Vulgaridad.


Para ser feliz hay que liberarse de las obsesiones, como la de buscar incansablemente la felicidad porque lo más fácil es que no encuentres la más completa y al final, como consecuencia, sufrirás cierta frustración. Disfrutaríamos más el tiempo, seguramente, si no nos obsesionáramos con el dogma de vivir cada minuto como si fuera el último, porque tanta intensidad no puede ser buena y porque la vida está, simplemente, para vivirla, porque además, si caes en la consciencia de que no has vivido el último minuto de manera especial y que lo has malgastado realmente leyendo estas líneas, volverás a caer en el desasosiego.
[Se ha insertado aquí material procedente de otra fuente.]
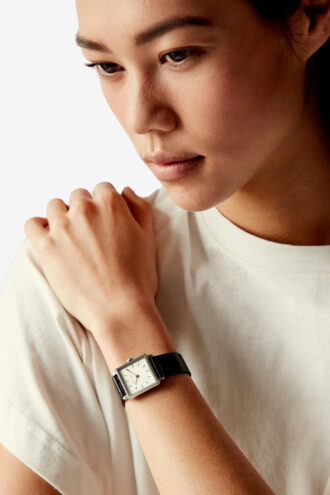 12.04 Horloge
Y esa palabra es tan fea que no merece la pena ni tomarse un café con ella. Si no tuviéramos ese obsesivo miedo de vivir cada día en nuestra zona de confort porque nos han hecho creer que solo saliendo de ella encontraremos la más absoluta dicha y cumpliremos todos nuestros sueños, disfrutaríamos más de las tardes de sofá y series y no nos sentiríamos tan estúpidamente culpables por dejar sueños sin cumplir, porque una cosa está clara, ni todos los sueños merecen ser perseguidos, no todos tus sueños se cumplirán, los sueños mutan y cambian cada día y, lamentablemente, no todo el mundo tiene la capacidad de perseguirlos. Ni las ganas. Ni el amor propio. Y no por eso tenemos que crucificarlos.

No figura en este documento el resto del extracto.